Records drawn from a dataset:
——

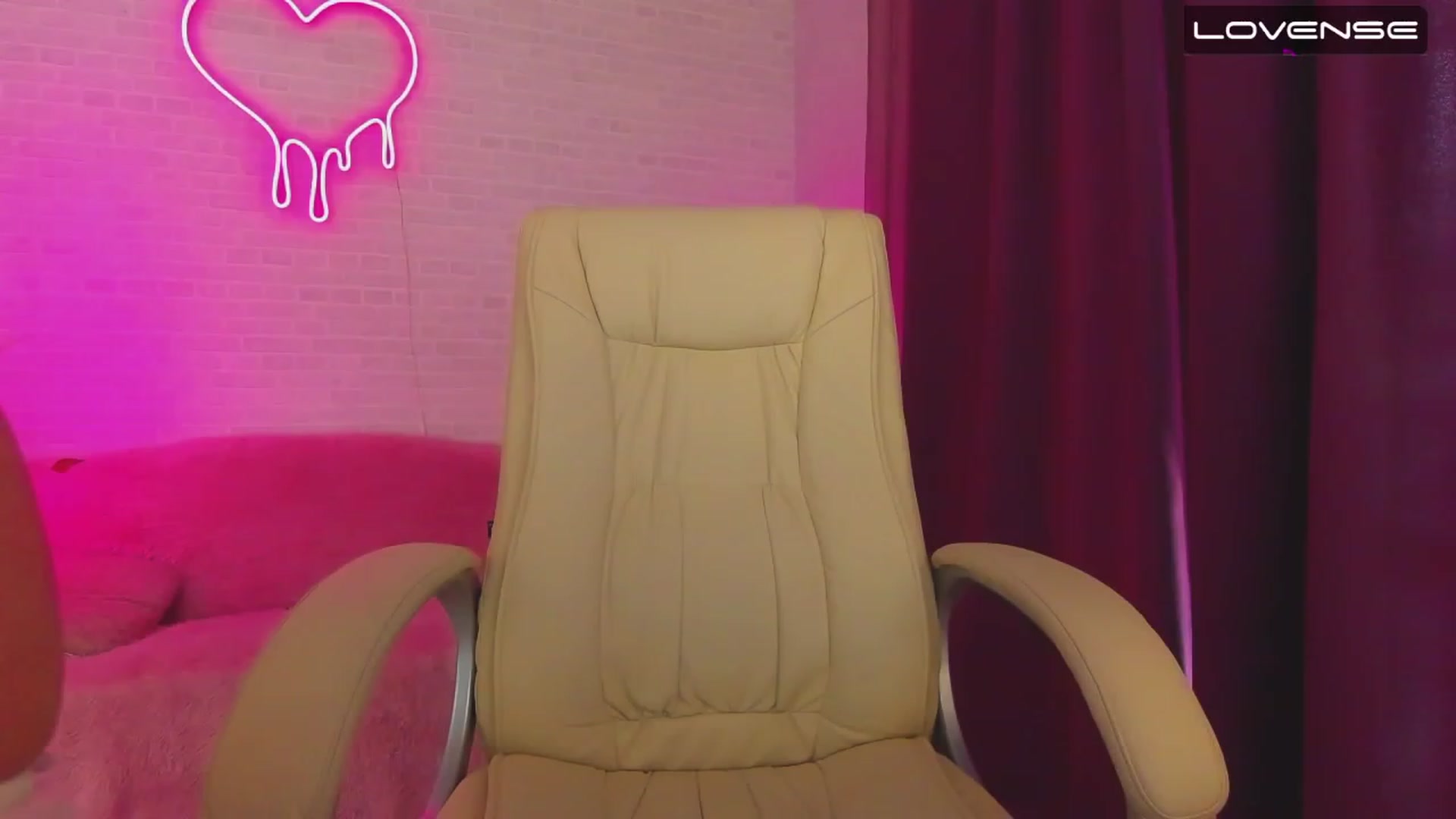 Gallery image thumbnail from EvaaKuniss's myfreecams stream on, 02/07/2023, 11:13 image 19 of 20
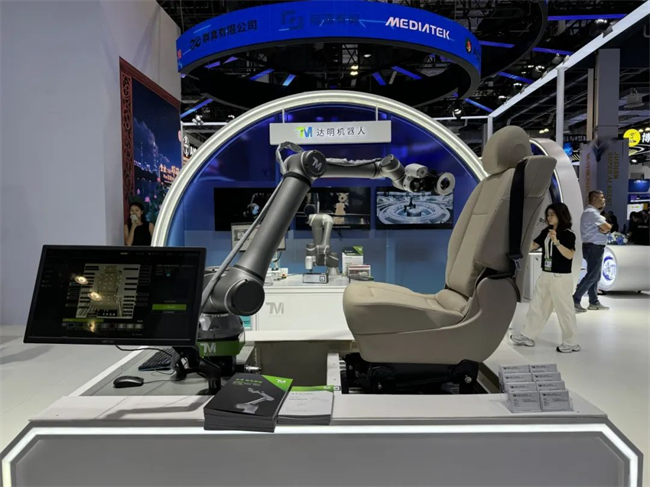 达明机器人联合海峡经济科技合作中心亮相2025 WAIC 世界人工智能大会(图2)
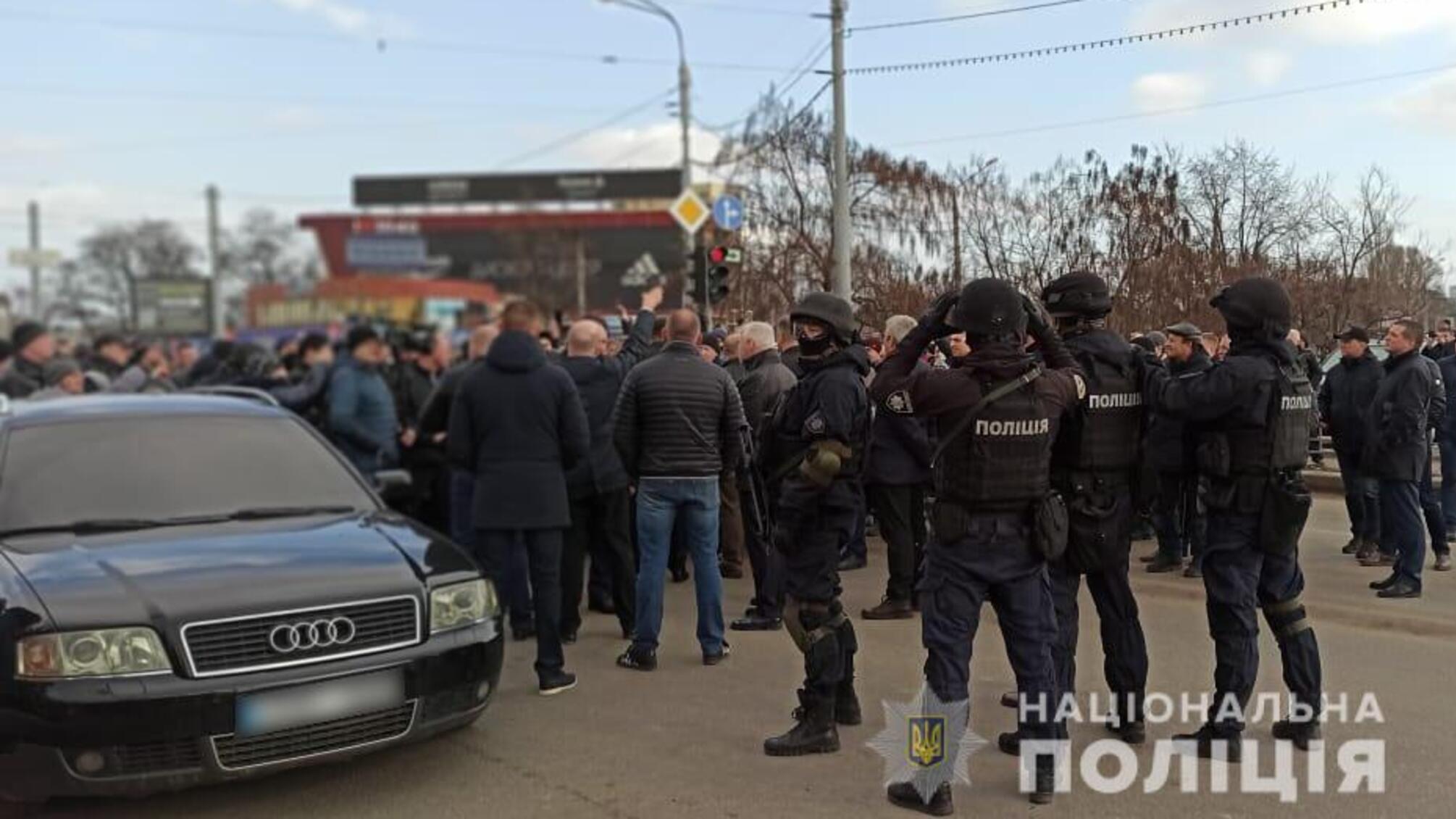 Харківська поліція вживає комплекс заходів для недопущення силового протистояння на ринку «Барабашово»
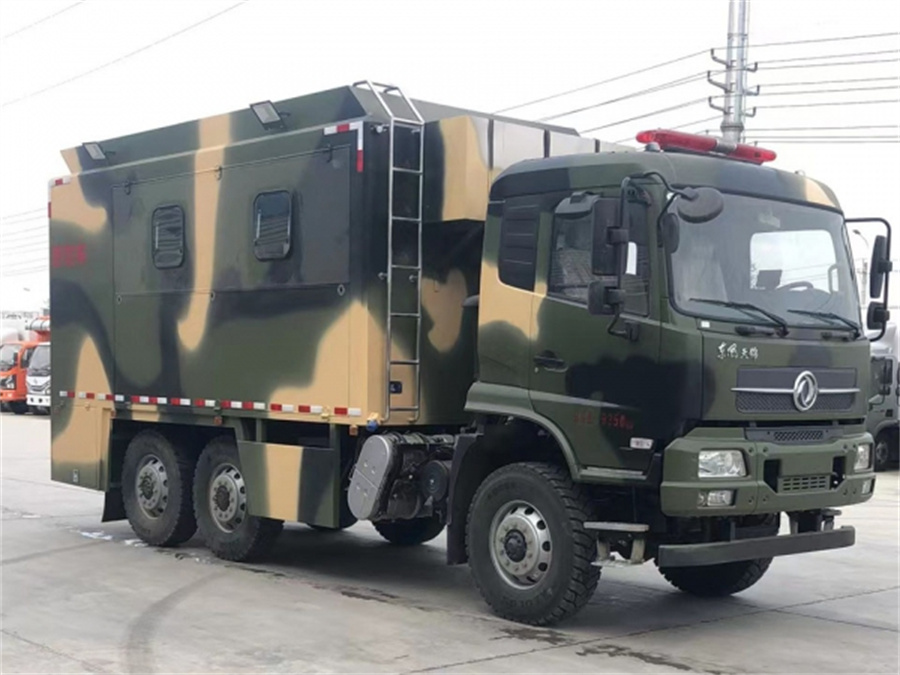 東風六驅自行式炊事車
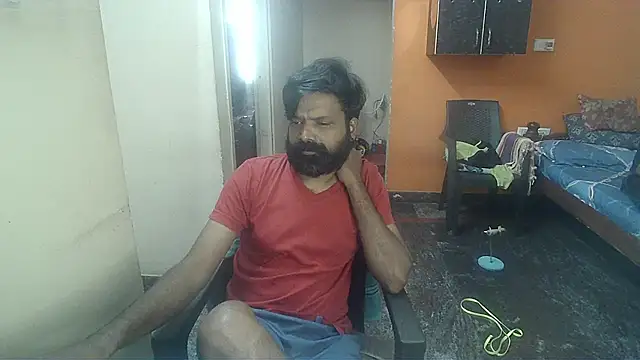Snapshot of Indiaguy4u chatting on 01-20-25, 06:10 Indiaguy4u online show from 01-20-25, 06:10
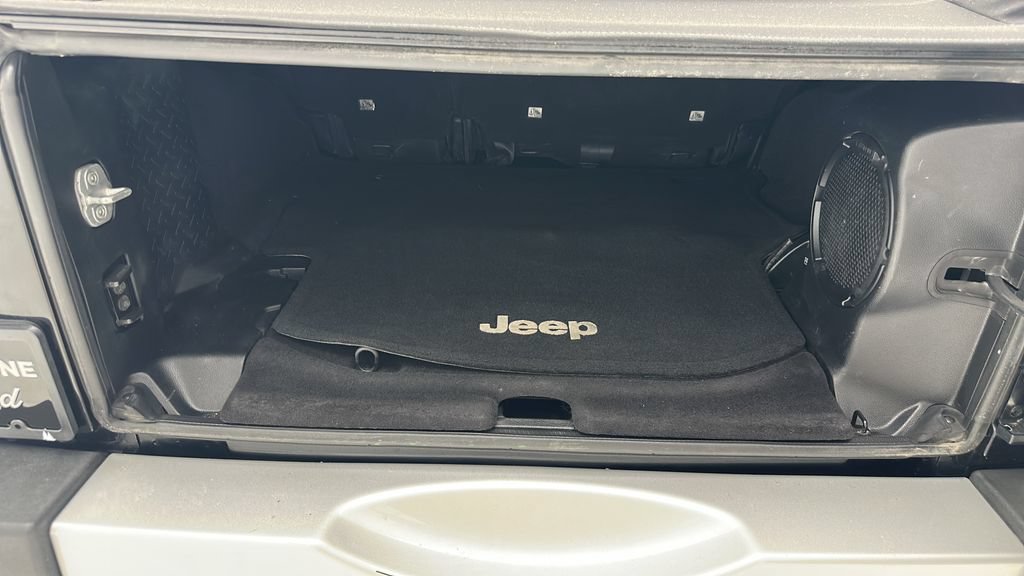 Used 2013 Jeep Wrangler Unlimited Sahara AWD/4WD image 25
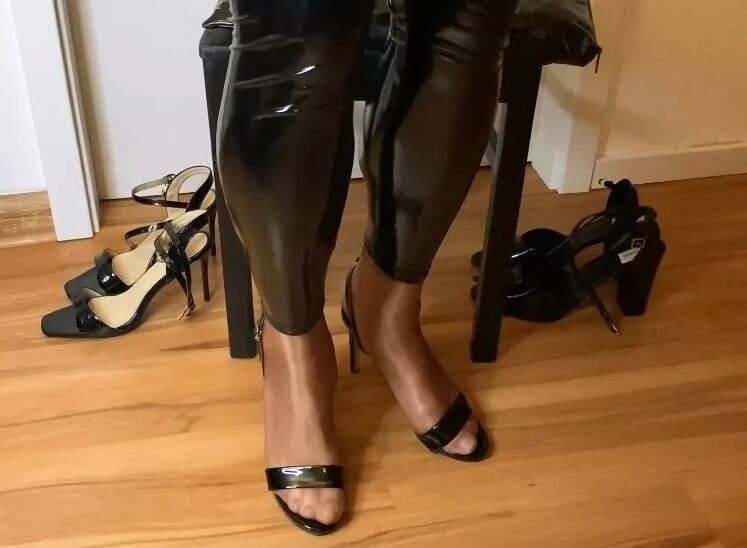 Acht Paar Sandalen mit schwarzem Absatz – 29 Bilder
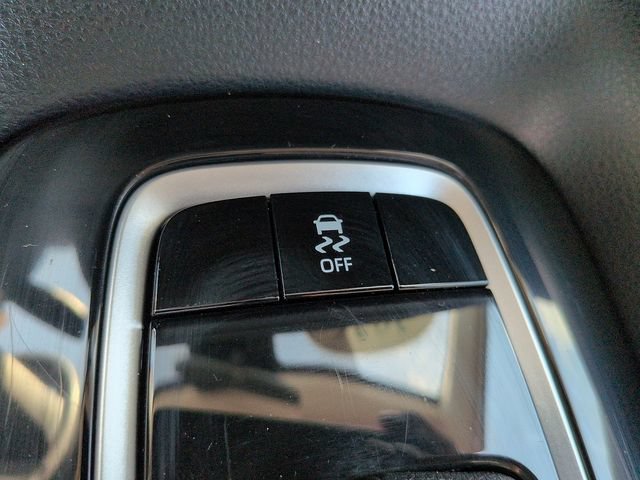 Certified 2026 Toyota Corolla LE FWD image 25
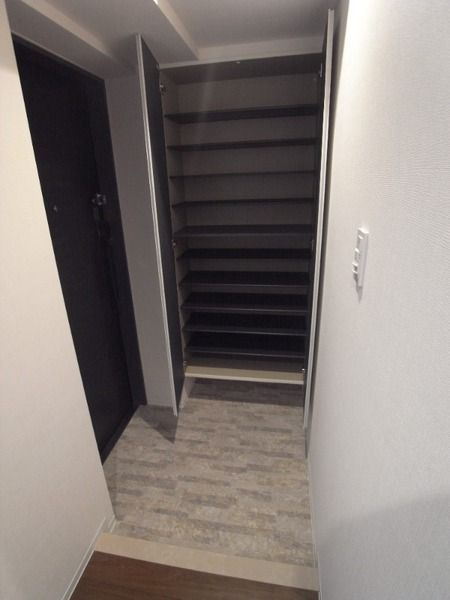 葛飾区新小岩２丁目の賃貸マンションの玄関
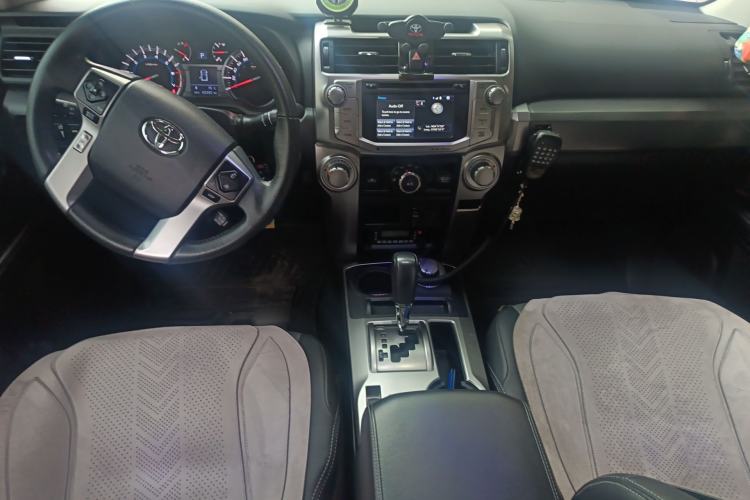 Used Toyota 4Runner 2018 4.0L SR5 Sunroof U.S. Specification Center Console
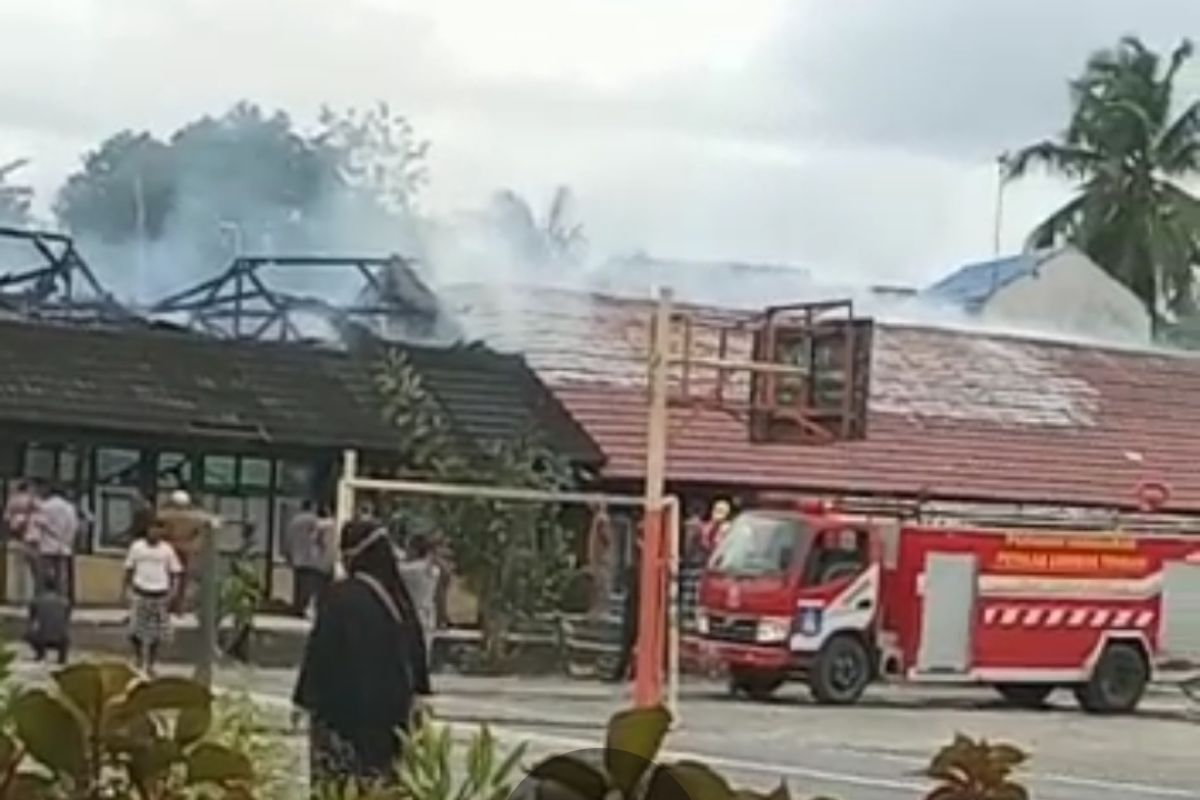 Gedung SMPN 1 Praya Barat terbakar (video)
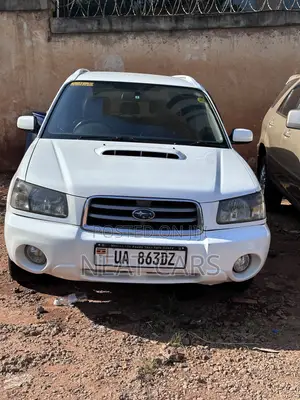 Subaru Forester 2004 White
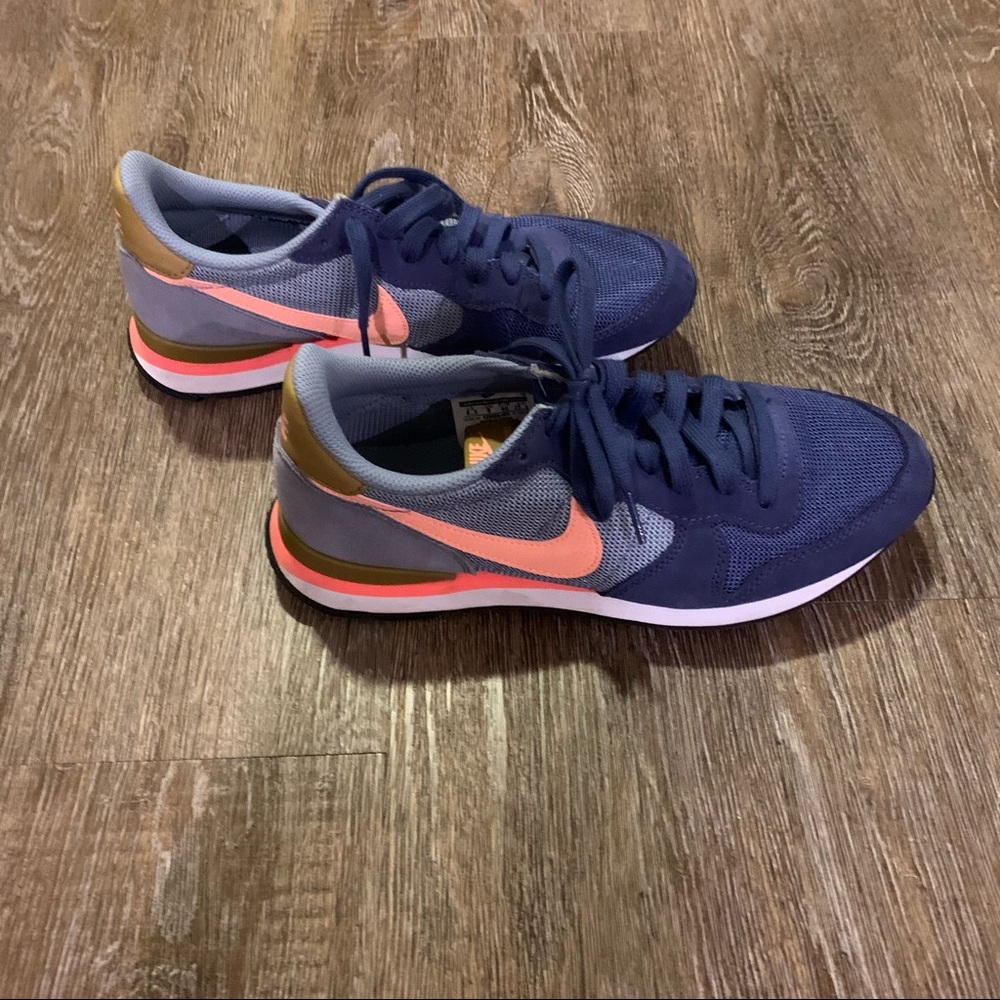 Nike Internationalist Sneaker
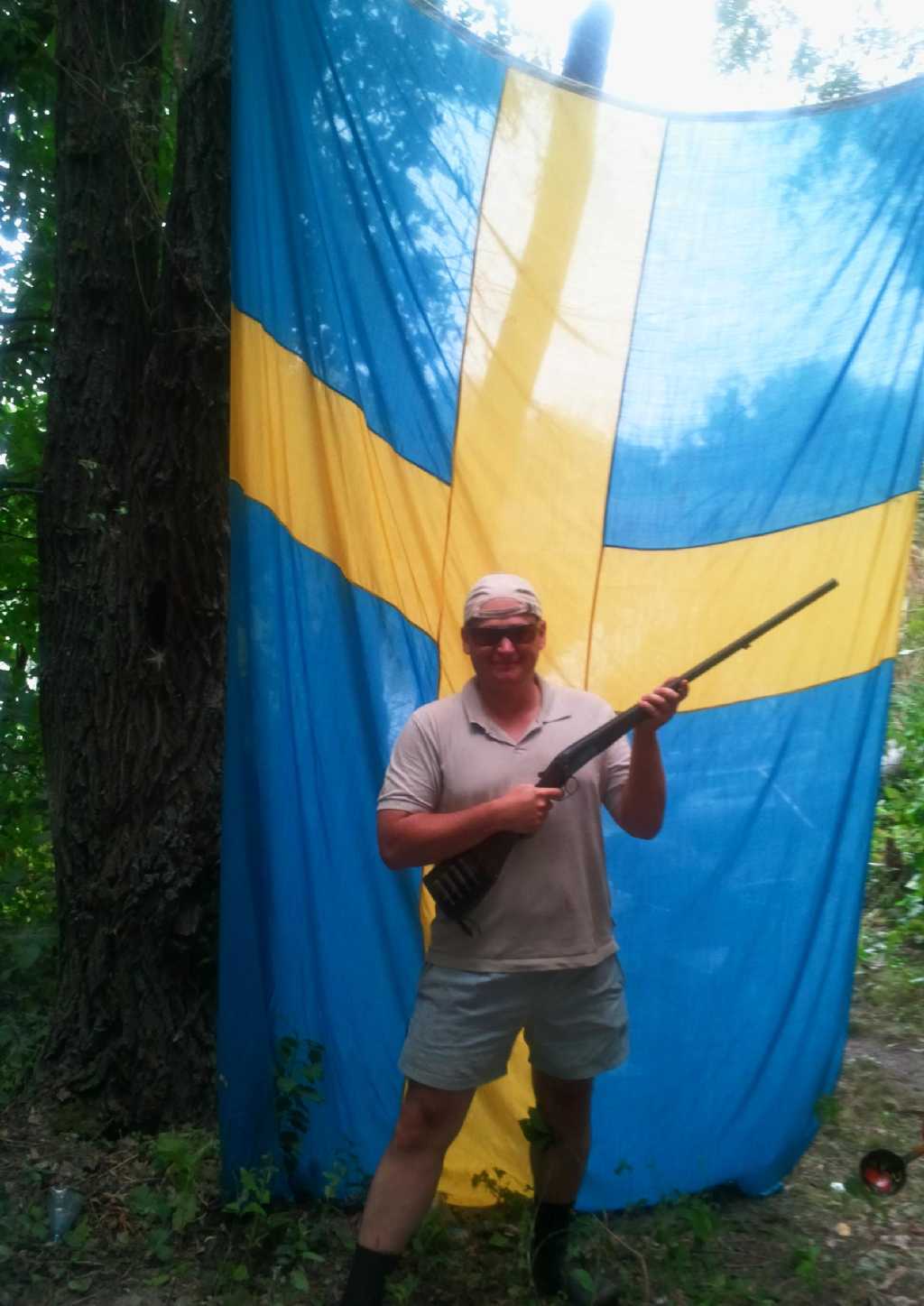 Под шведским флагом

——

_WORK REQUEST_:
With the pictures removed, return all the entries exactly.

_ANSWER SPACE_:
 Gallery image thumbnail from EvaaKuniss's myfreecams stream on, 02/07/2023, 11:13 image 19 of 20
 达明机器人联合海峡经济科技合作中心亮相2025 WAIC 世界人工智能大会(图2)
 Харківська поліція вживає комплекс заходів для недопущення силового протистояння на ринку «Барабашово»
 東風六驅自行式炊事車
Snapshot of Indiaguy4u chatting on 01-20-25, 06:10 Indiaguy4u online show from 01-20-25, 06:10
 Used 2013 Jeep Wrangler Unlimited Sahara AWD/4WD image 25
 Acht Paar Sandalen mit schwarzem Absatz – 29 Bilder
 Certified 2026 Toyota Corolla LE FWD image 25
 葛飾区新小岩２丁目の賃貸マンションの玄関
 Used Toyota 4Runner 2018 4.0L SR5 Sunroof U.S. Specification Center Console
 Gedung SMPN 1 Praya Barat terbakar (video)
 Subaru Forester 2004 White
 Nike Internationalist Sneaker
 Под шведским флагом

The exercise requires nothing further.